Britain has a sperm shortage. In fact, "shortage" doesn't do the situation justice—it's been announced this week that, a year after opening, the National Sperm Bank has had a grand total of only nine donors. That's enough to help 90 families, but it's still a pretty miserable effort from our menfolk. So what can we do about it?
Well, firstly Britain doesn't have a sperm shortage. Britain has lots of sperm. We produce billions upon billions of the little underachievers every day. If anything, we have too much sperm. We have so much sperm that, if we grew it all to maturity, we'd have a trillion-strong army of Brits conquering not just this world but a large portion of the galaxy.
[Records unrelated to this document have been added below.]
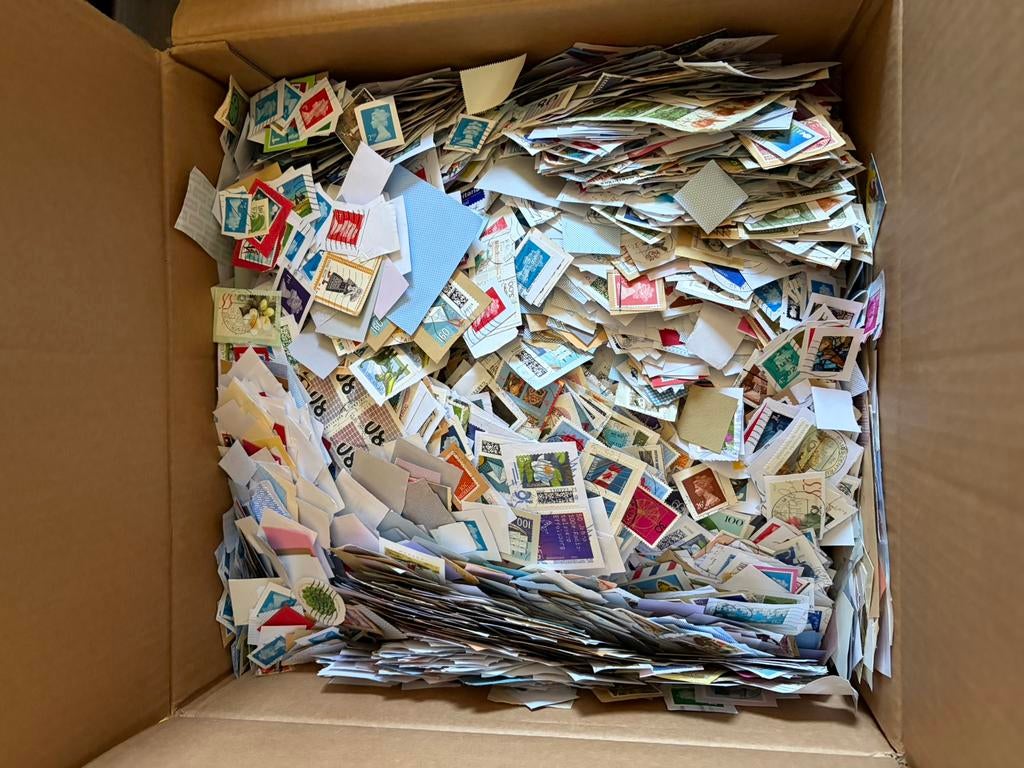 Bomvolle doos onafgeweekte postzegels., Ophalen of Verzenden, Nederland en Buitenland
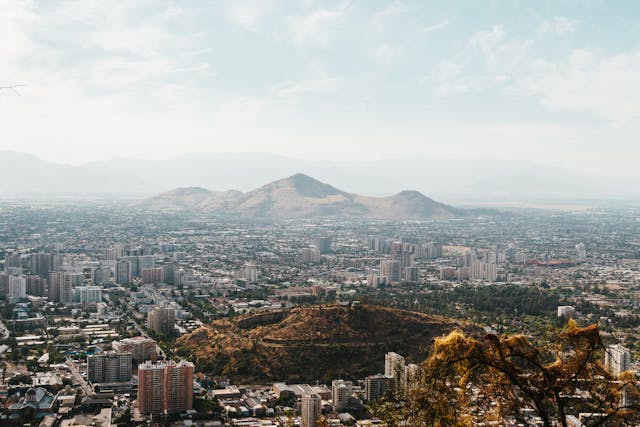 Vue aérienne de Santiago, au Chili, avec les montagnes en arrière-plan et le paysage urbain en contrebas.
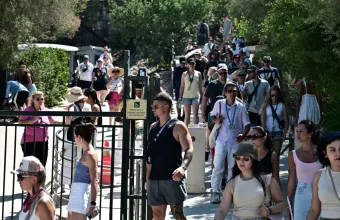 Τουρίστες στην Ακρόπολη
What we have is a delivery problem. Instead of marching across northern France or waiting patiently in a sperm bank test tube for the cold pipette of destiny, Britain's sperm are stuck in balled-up tissues, dissolving in laundry detergent, or being slaughtered by the millions in the surprisingly hostile environment that is a woman's vagina.
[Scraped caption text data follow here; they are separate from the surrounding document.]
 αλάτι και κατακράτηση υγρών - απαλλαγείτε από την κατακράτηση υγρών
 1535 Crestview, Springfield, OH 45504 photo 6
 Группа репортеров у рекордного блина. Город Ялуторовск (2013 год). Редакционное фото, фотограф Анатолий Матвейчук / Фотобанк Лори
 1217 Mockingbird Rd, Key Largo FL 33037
So why is something so easy to make and so readily thrown away so hard to get hold of? Simple: Donating sperm is ridiculously hard to do.
You probably have an idea about sperm donation from your favorite sitcom. Giving sperm is a scene we've seen on TV about a billion times, always played for laughs. Guy walks into a clinic. Guy shuffles awkwardly in front of the attractive woman at reception and is directed to a small room filled with dirty magazines. Nature takes its course, he comes out with a little pot of goo, and a doctor tells him how many swimmers he's got.
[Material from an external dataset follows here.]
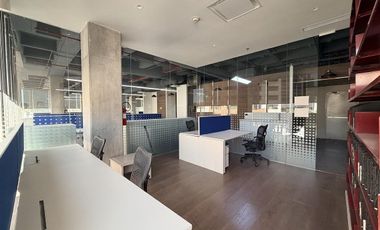 Oficina amueblada en renta de 651m2 en edificio zona Valle Oriente San Pedro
It turns out it's nothing like that. Not even close. While it's certainly not as hard as donating eggs, donating sperm is so awkward and disruptive for such a limited chance of success that it's amazing the National Sperm Bank managed to get nine whole men to take part.
Let's assume you're a healthy male between 18 and 41. You then have to attend a clinic to pass an initial assessment and test. Since there are very few clinics around, and they tend to be in say, the centers of cities, you probably have an irritating and expensive commute to deal with. You fill in a questionnaire and provide a sample... Oh, and did you remember to abstain from alcohol, sex or masturbation for the last three days?
The lab assesses your semen for sperm count, sperm motility and sperm shape, and carries out a test freeze to see if your wannabe babies are hardy enough to survive a stint on ice. Forty-eight hours later, you get the results back. Bang, 90 percent of you just failed.
The failures are the lucky ones. Assuming you pass, the clinic will take more of your precious bodily fluids—blood and urine this time—to test for any infectious or genetic diseases. Get through that and after two commutes to a clinic, several hours of your time and a couple of train fares, you're rewarded with the princely sum of £35 [$54], and the opportunity to begin the donation process itself.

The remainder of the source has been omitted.